While voting was extended in several other states due to violence or voting irregularities, the result in Lagos means that — for the first time since the end of military rule in 1999 — the governor of that key state and the president are to be from the same party.
Observers said turnout was low in the vote to elect 29 governors and all state assemblies, compared with the presidential vote last month that was considered the freest and fairest yet, and that paved the way for Nigeria’s first democratic transfer of power, with Buhari beating Nigerian President Goodluck Jonathan by a landslide.
Photo: Reuters
The fear of violence at polling stations — justified in some cases — mixed with voter apathy, kept many Nigerians at home, observers said, even though the governors are among Nigeria’s most influential politicians, with budgets larger than those of some small nations.
At least 10 people were killed in election violence on Friday and Saturday, including a politician in Ebonyi State from Jonathan’s People’s Democratic Party (PDP), who was shot in his home, police said.
More than a dozen people were killed during last month’s presidential election, mainly due to attacks by Boko Haram extremists, but one election monitor said violence was worse this weekend.
“I think it was worse than the presidential vote... We have had more reports of fights and skirmishes around polling areas,” Policy and Legal Advocacy Center executive director Clement Nwankwo said.
Tensions were particularly high in oil-rich Rivers State on the Niger Delta, where Governor Rotimi Amaechi has been feuding with Jonathan since defecting from the PDP to the APC two years ago.
A large protest in the state capital, Port Harcourt, shoot-outs in several towns, attacks on electoral commission property and reports of ballot boxes being snatched delayed the start of voting.
Amaechi called the polls a “sham.”
The Independent National Electoral Commission canceled the vote in all parts of Rivers where materials had been taken and called fresh elections in some areas.
The commission reported 66 instances of violence at polling stations, with the highest number in Rivers and other southern states.
In the southeastern state of Akwa-Ibom, the APC demanded a fresh election, and protesters gathered in front of the commission’s headquarters in the state capital, Uyo.
“The protesting crowd numbered [more than] 150... There are burned tires along the Udo Uduma Avenue, and street traffic lights were destroyed.
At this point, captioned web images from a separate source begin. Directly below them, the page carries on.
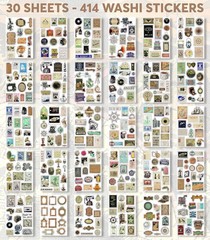 411 Vintage Washi Stickers & 20 Scrapbook Papers Ephemera for Junk Journals & Sc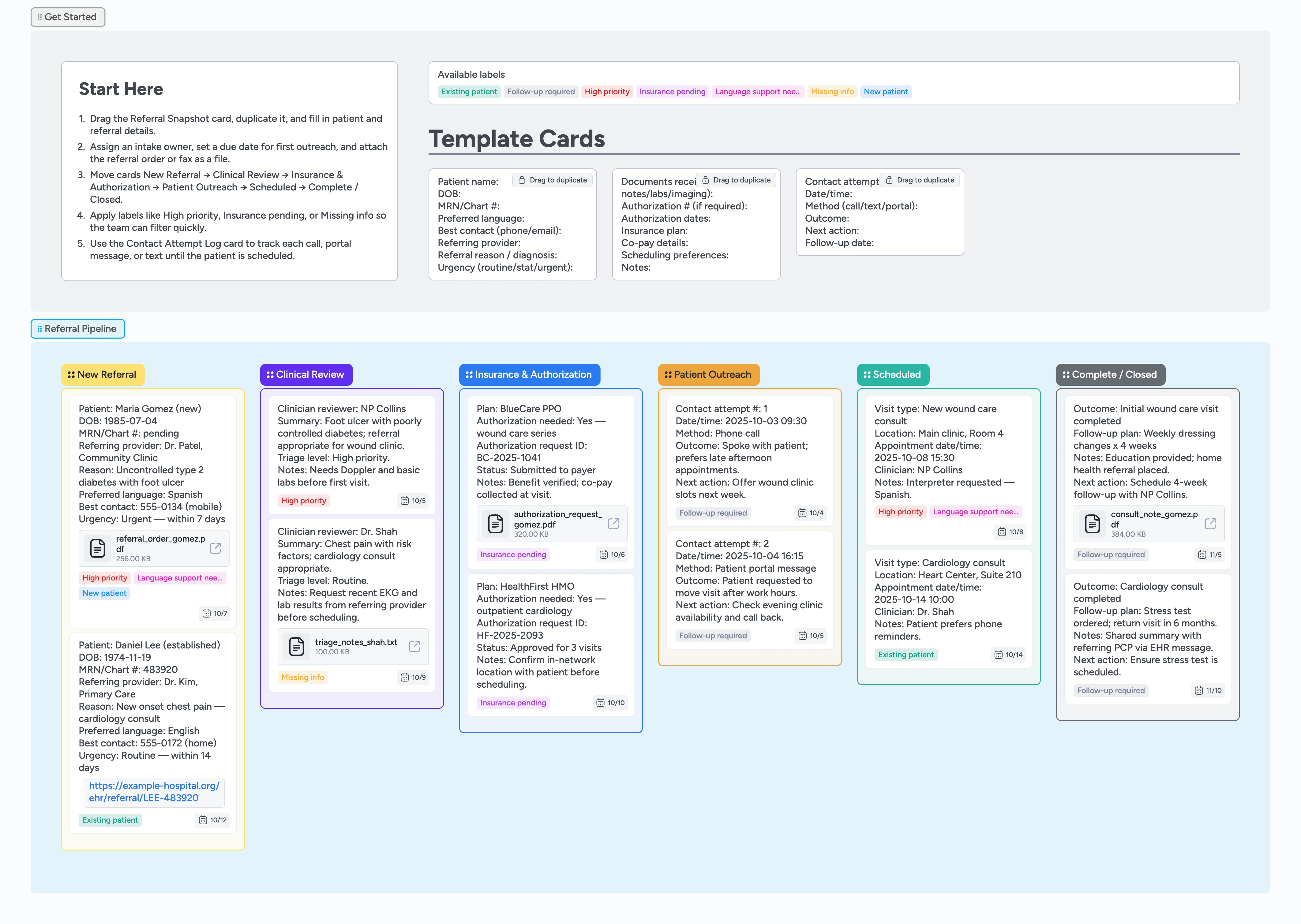 Patient Referral Intake Pipeline Template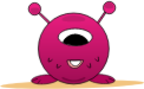 two horn one eye pink monster icon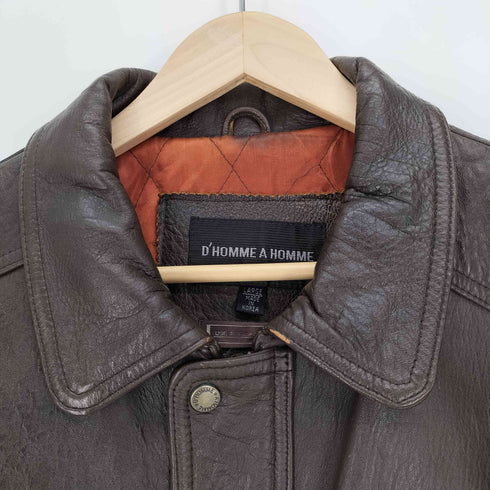 D'HOMME A HOMME 韓国製 シープレザー 裏地 キルティング ジャケット ハーフ コート メンズ import:L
There is a heavy police presence,” witness Edet Udo told reporters.
Retaining Lagos is important for the APC, as the city of 21 million people generates up to a third of Nigeria’s GDP, with an economy twice the size of Kenya’s.
Outgoing Lagos Governor Babatunde Fashola, of the APC, is credited with transforming the metropolis with infrastructure projects, although he has also been criticized for slum clearances.